I’ve been waiting for quite a while to mention pass, and now that the time has come, I’m rather excited about it.
pass, for me, might be the quintessential Unixy program. It uses a lot of the existing Linux environment to encrypt, sort, manage and store all my passwords, and does it in a way that is completely obvious.
I won’t pretend to be an expert on pass, but I don’t need to either.
Want to see the passwords you have? pass ls
. Want to remove a password? pass rm (name)
. Everything is structured like a folder tree, as you can see above.
And you can arrange and nest them however you like. If you have four GMail accounts, like me, they can all go inside GMail, which can go inside a folder called e-mail, or whatever you prefer.
And even better, if you go poking around in the .password-store folder, you’ll see — omigosh! they’re all arranged in a folder tree! 😯 🙄
You can even go inside that tree and kick things around a bit, and pass won’t mind at all. Usually. 😕
You’ll need to work up your local gnupg structure to get pass working, but it should require only that you step through gpg --gen-key
, and pass will work off of that. If you’ve already done that, you’re one step closer to password management nirvana.

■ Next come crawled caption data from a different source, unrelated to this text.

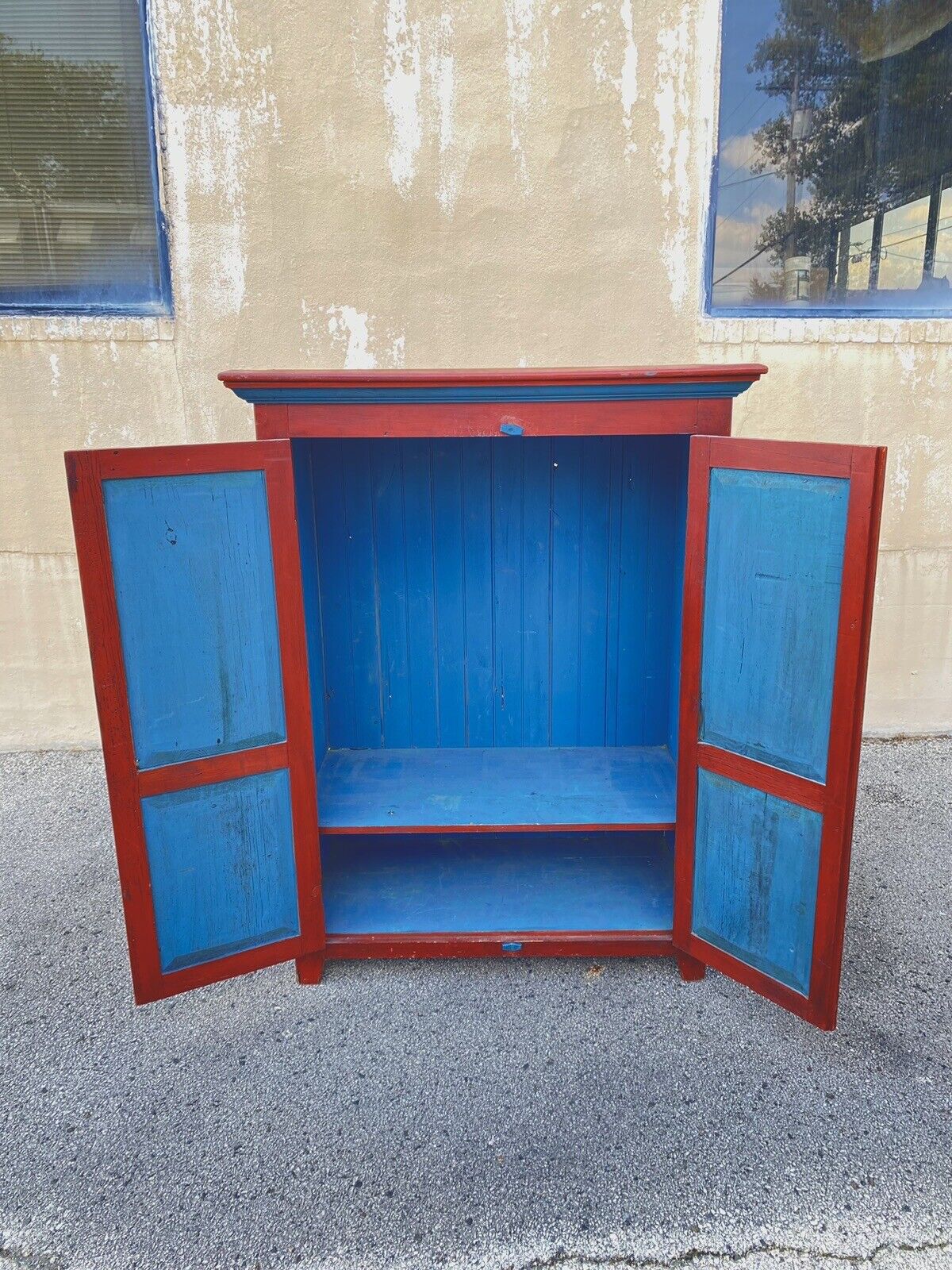 Country Farmhouse Red & Blue Forest Carved Wardrobe TV Entertainment Cabinet
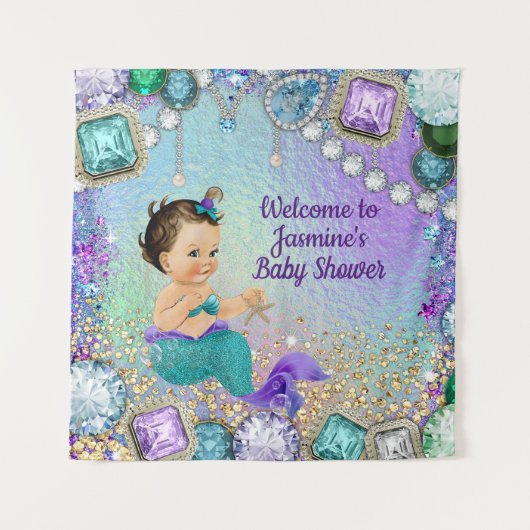 Jewel Zeemeermin Baby Shower Achtergrond Banners Wandkleed (Voorkant)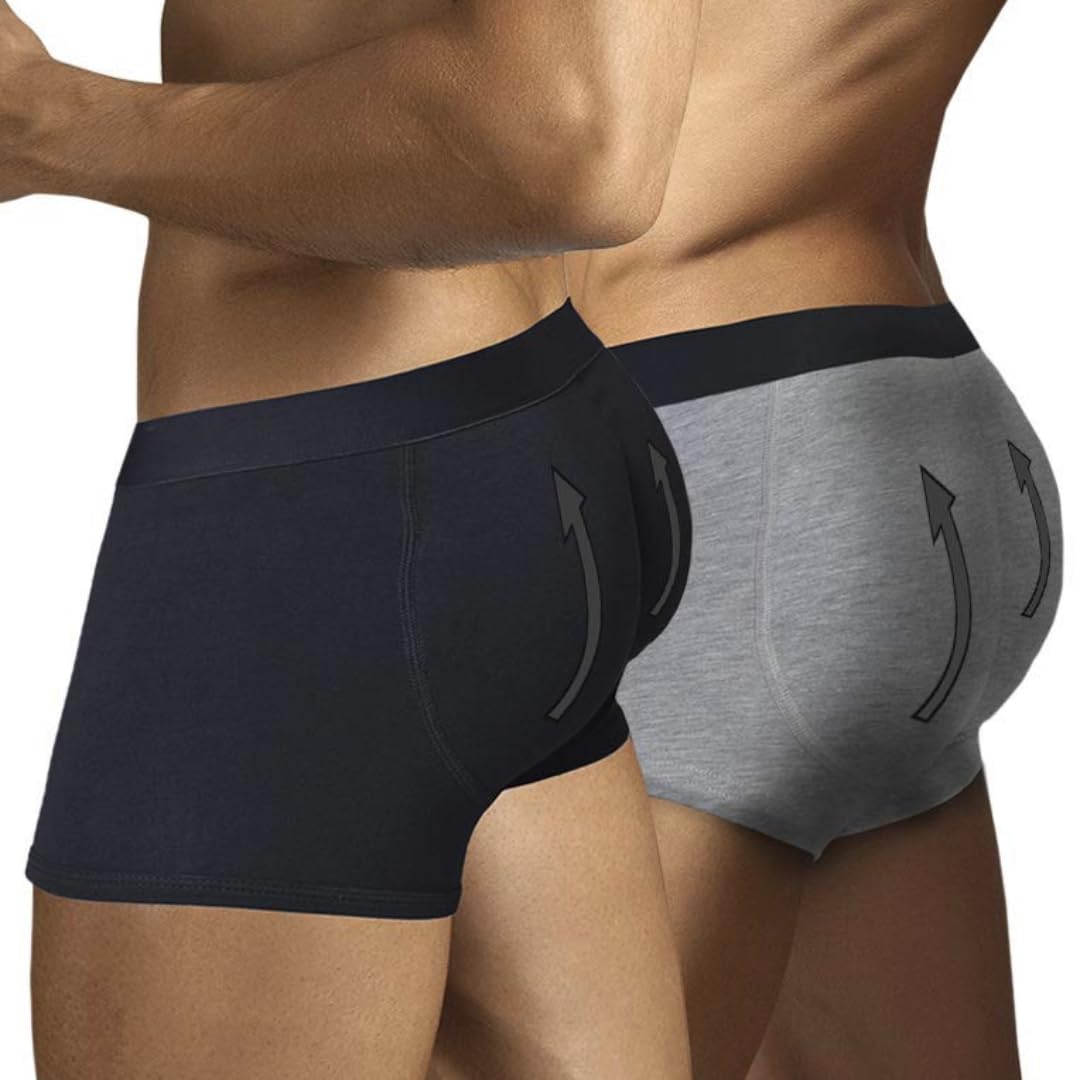 ARIUS Pack 2 Calzoncillos Boxer con Relleno Trasero para Aumentar el Volumen y tamaño de glúteos y Levantar. 1 en Color Negro y 1 en Color Gris - Push up y Relleno de Nalgas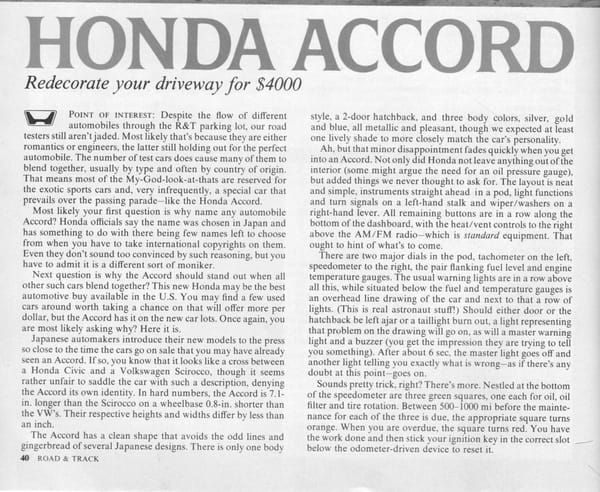 Road & Track Vintage Review: 1976 Honda Accord - A True Game Changer 2 page 1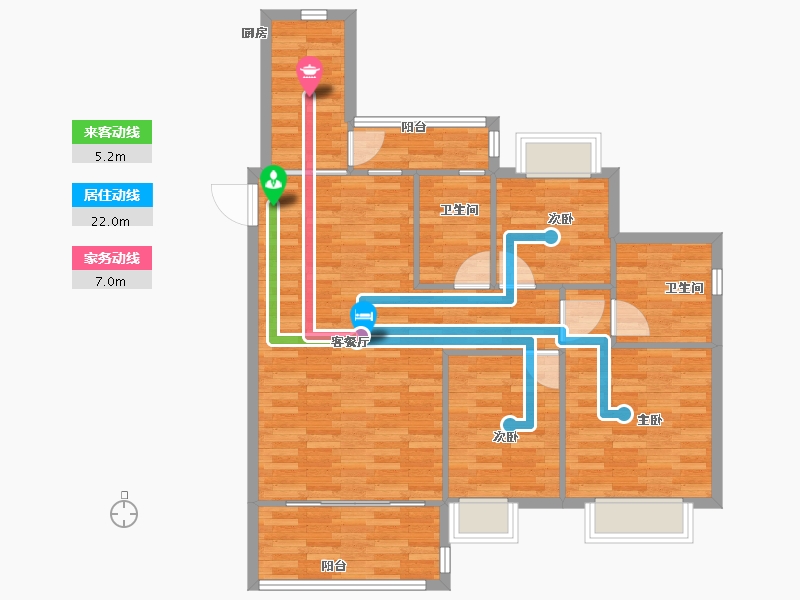 浙江省-杭州市-恒大御泉四季建面120m²-96.00-户型库-动静线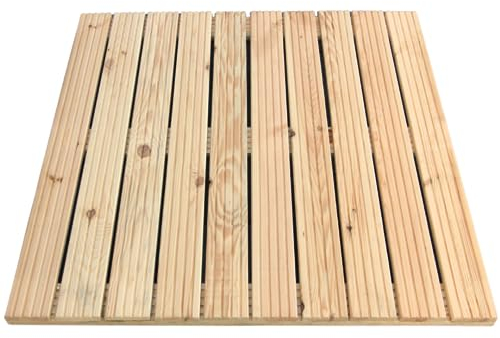 holz4home® Holzfliese Kiefernholz 95x95 cm I Terrassenfliese aus Holz I Terrassendiele Aussen I Rutschfest Geriffelt I Bodenfliese Terrasse Balkon Garten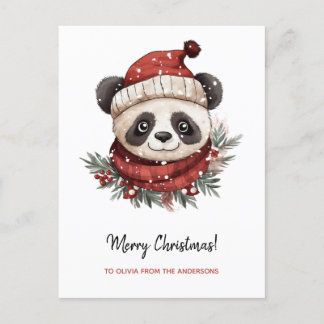 Rustieke Panda Santa Vrolijk Kerstfeest Feestdagenkaart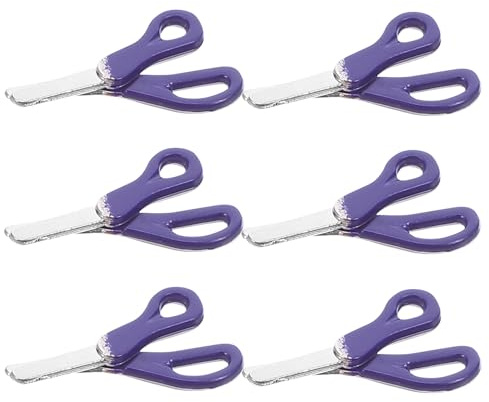Gatuida 6 Piezas Tijeras Miniatura Realistas de Metal para Manualidades DIY, Costura, Decoración en Miniatura, Accesorios para Carnaval, Disfraces, Juegos de Imaginación y Escenarios, Azul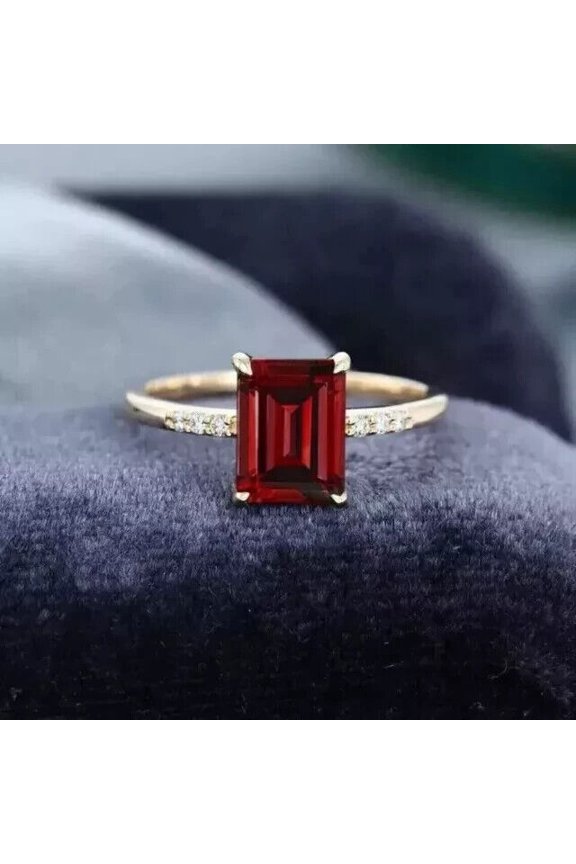 Red Cubic Zirconia Emerald Cut Womens Band Ring 14k Yellow Gold Plated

So let’s recap: Minimal overhead and no frilly side points, follows a logical style, needs no specialized file structures or esoteric encryption libraries, keeps its commands similar to shell commands, has a pretty tree structure … yep, I think that’s it.
On the down side? Well … ah … hmmm. Aha! No color! 👿
In spite of that shortcoming, I’m willing to hand out one of K.Mandla’s highly coveted gold smilies to pass, because I like it so much. Congrats! 😀
great! i search many times for a simple, secure password tool. i think, i have found it.